Shown below are entries with pictures; the line with "Now you can" through the line with "Hello and welcome" is the span to retype exactly, and the pictures stay out.

***

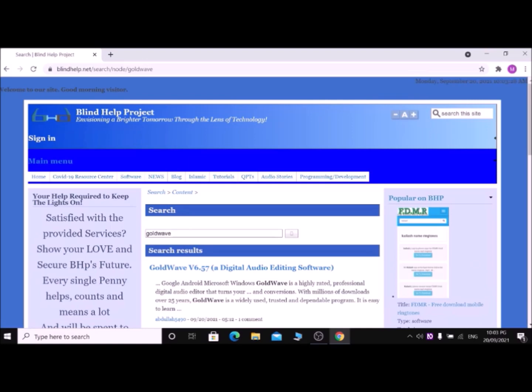After pressing Enter in the search box, you will be on the search results page. Press the H key to navigate by headings until you reach the search results heading. Press H again until you find 'GoldWave' in the list. You should see 'GoldWave v6.57 — a digital audio editing software'. This is the correct result. Press Enter on it.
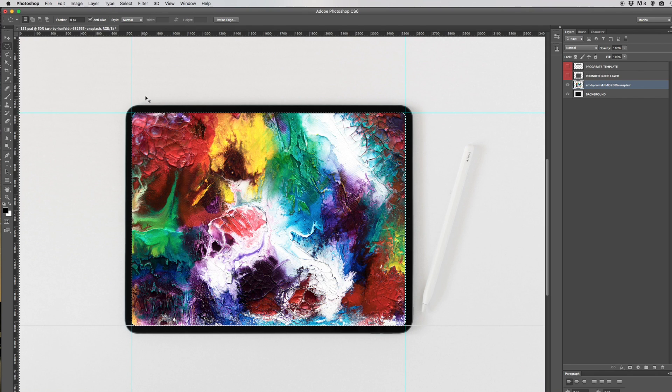Let's unselect everything, get rid of the guides, and there is your final image.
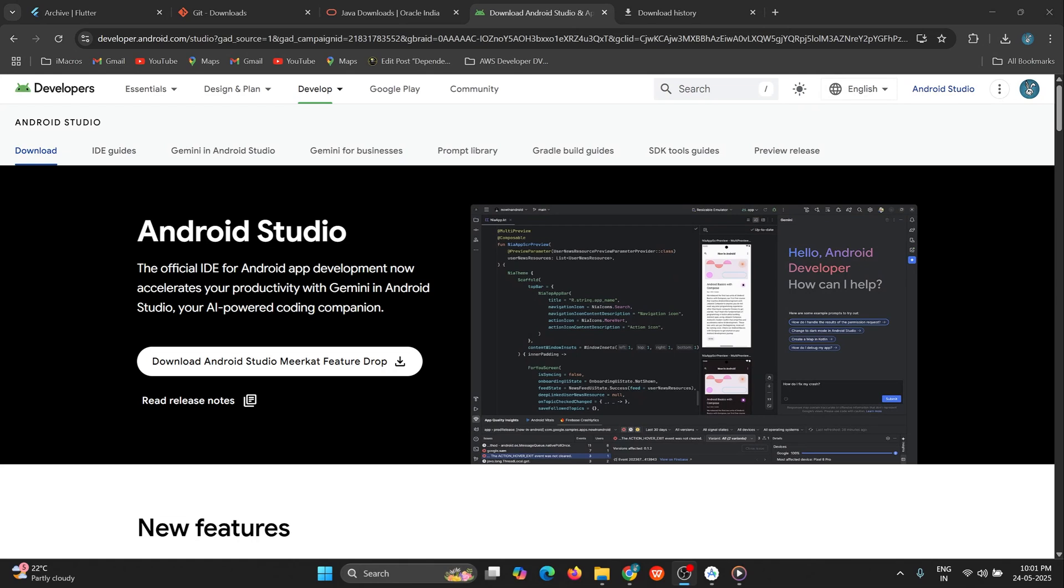Hey guys, today we're going to see how to install the latest version of Android Studio, that is Mirket, in Windows operating system. Later we'll configure Android Studio with Flutter SDK to build Flutter apps, so let's get started.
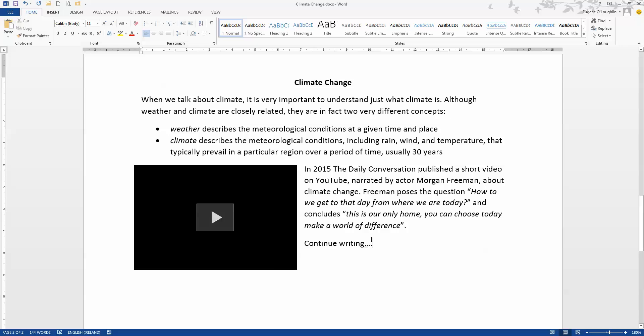So that's how you make your document a little bit more interactive by embedding a YouTube video into a Word 2013 document. I hope you found this video useful. Thank you for your attention.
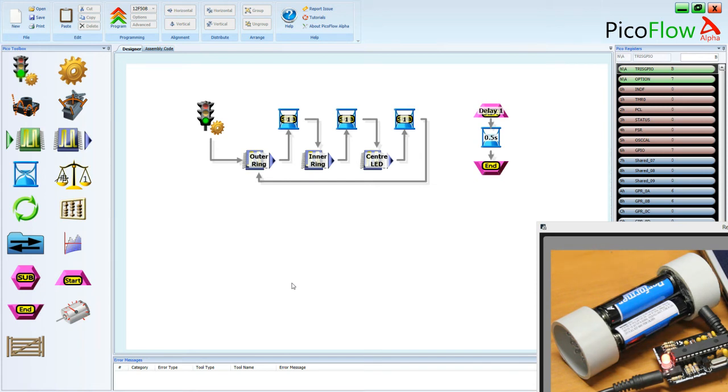Welcome to this tutorial. We're going to have a look at how to put a delay in a subroutine on the PicoBrite.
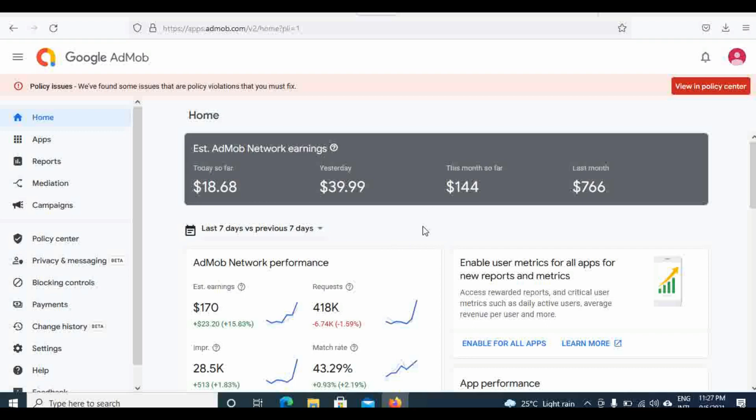Facebook Audience Network is a little bit okay, close to what you're making in AdMob, but AdMob is the best. Try as much as possible not to lose your account due to ad limits. Thank you for watching. Subscribe. Bye.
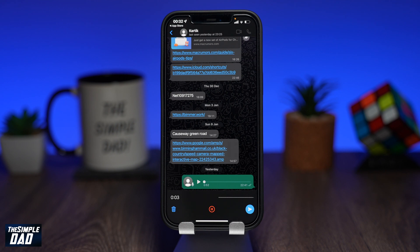Now you can start to record your message. If you want to pause the audio, then tap on the pause sign to pause the audio.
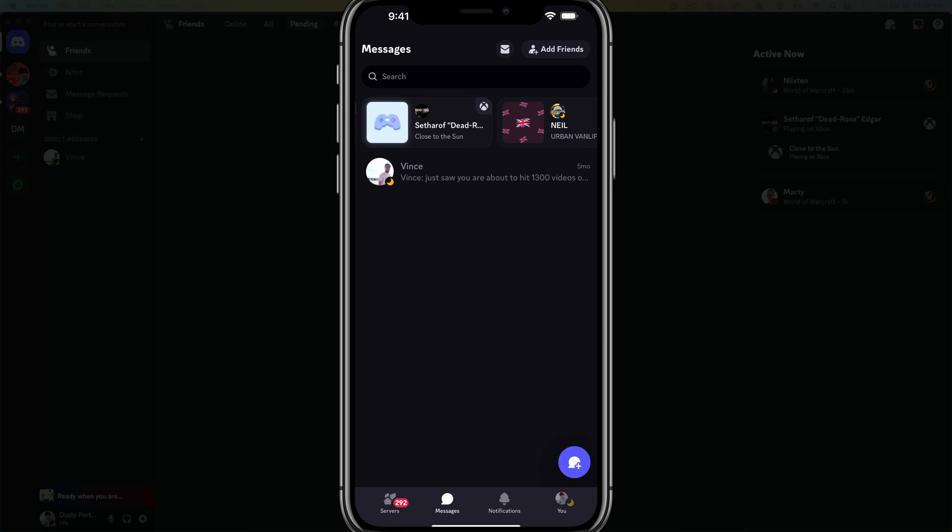Hello and welcome to this quick tutorial video where I show you how to find and check old messages in Discord. Here we are on my iPhone. I'll show you how to do it on desktop as well.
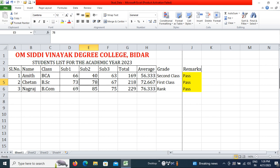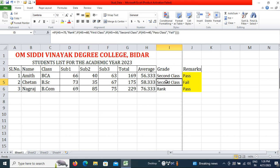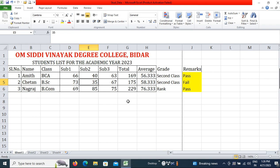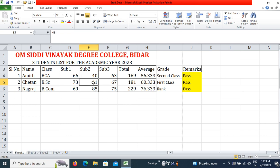If I put 35 in any of the student's subjects, you can see Second Class in the grade but Fail in the remarks. If I enter 39 it shows Fail; if I enter 40 it shows Pass; and anything more than 40 also shows Pass. Less than 40 shows Fail. This is how you write the formula and prepare a student list.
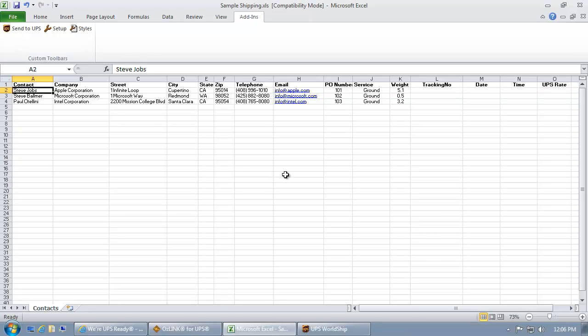Welcome to the Auslink for UPS batch shipping demonstration. Here I've opened a Microsoft Excel spreadsheet with shipping address and service level information.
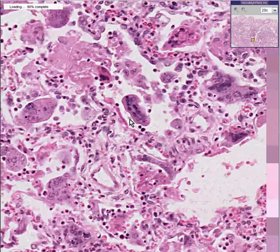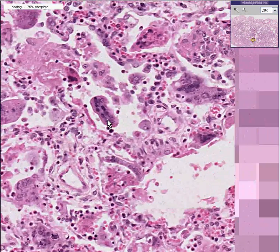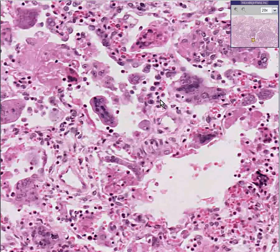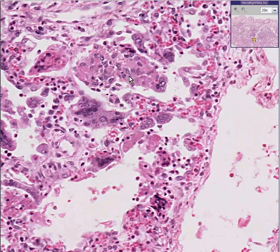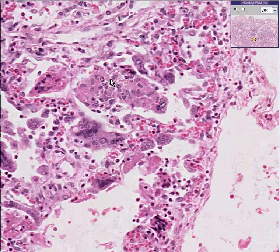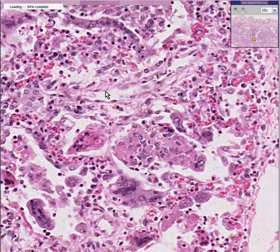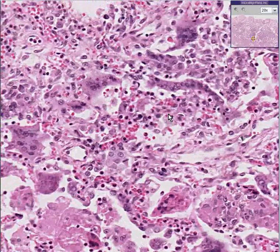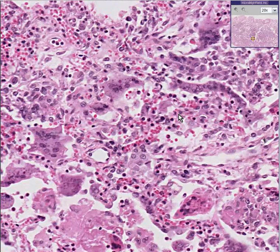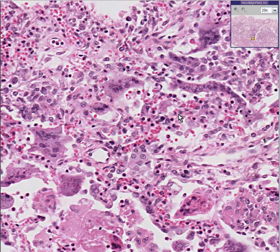So giant cell pneumonias in kids who have not been vaccinated for measles are regarded worldwide overwhelmingly as measles until proven otherwise. Thank you very much.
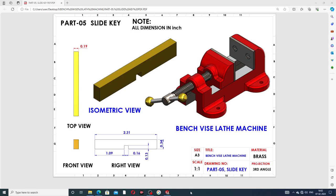Hi guys, welcome to the CAD tutorial. Today we are going to discuss the sliding key. This body is designed using SOLIDWORKS, and this body is a bench-wise lathe machine part. We will design all parts one by one and then assemble them at the end.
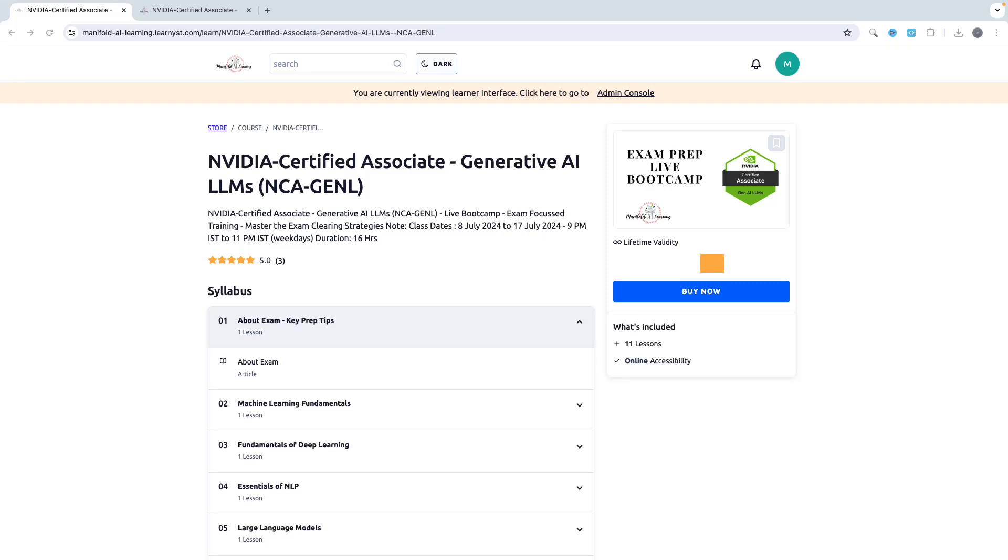Hey guys, in this video I'm going to talk about the NVIDIA Certified Associate Generative AI LLMs exam preparation live bootcamp course. I'm going to provide you the complete information about this live bootcamp so that you can make an informed decision as to whether this is suitable for you or not.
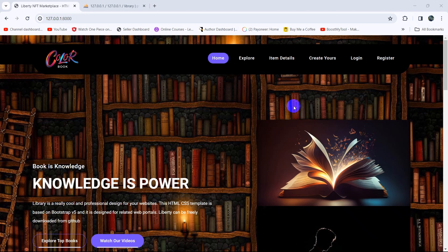Hello everyone, this is Yamin and welcome to the Laravel library management system project tutorial for beginners. This will be the last video of this tutorial series. In this tutorial we'll fix a few things here and there.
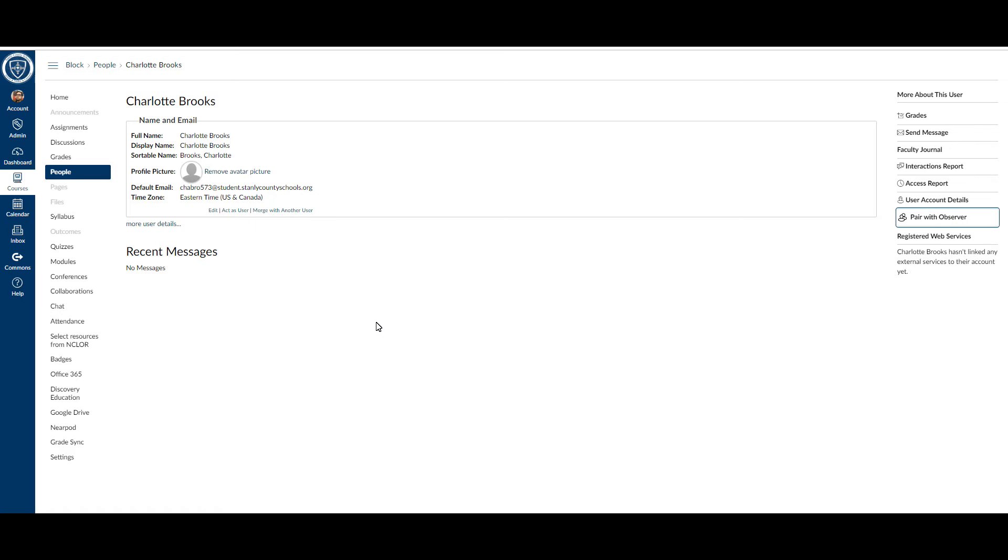They have up to seven days to use that code, and after they use it one time or the seven days is up, it disables. So if they don't do this in a timely manner, you'll have to generate a new code. If you have any questions about this, please let me know.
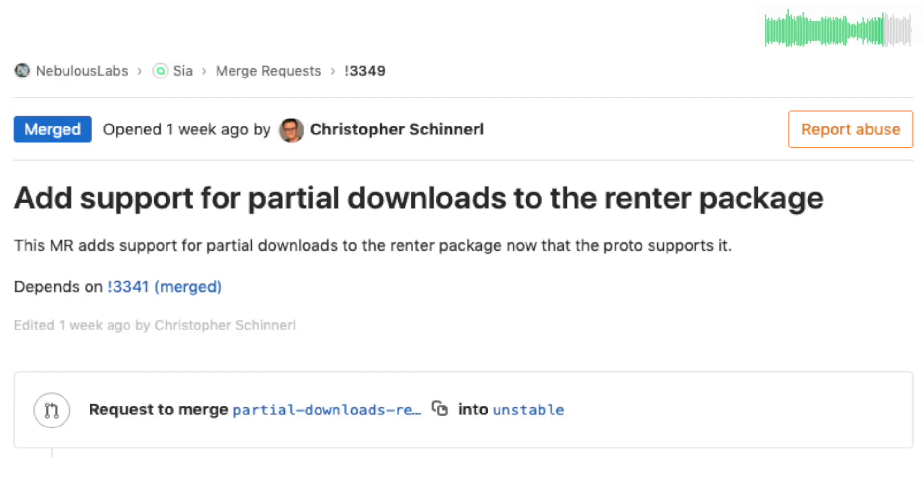And another big feature slated for 1.4.0 is the ability to download partial files. Chris worked on code to add support for this feature.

***

**Response**:
Now you can start to record your message. If you want to pause the audio, then tap on the pause sign to pause the audio.
Hello and welcome to this quick tutorial video where I show you how to find and check old messages in Discord. Here we are on my iPhone. I'll show you how to do it on desktop as well.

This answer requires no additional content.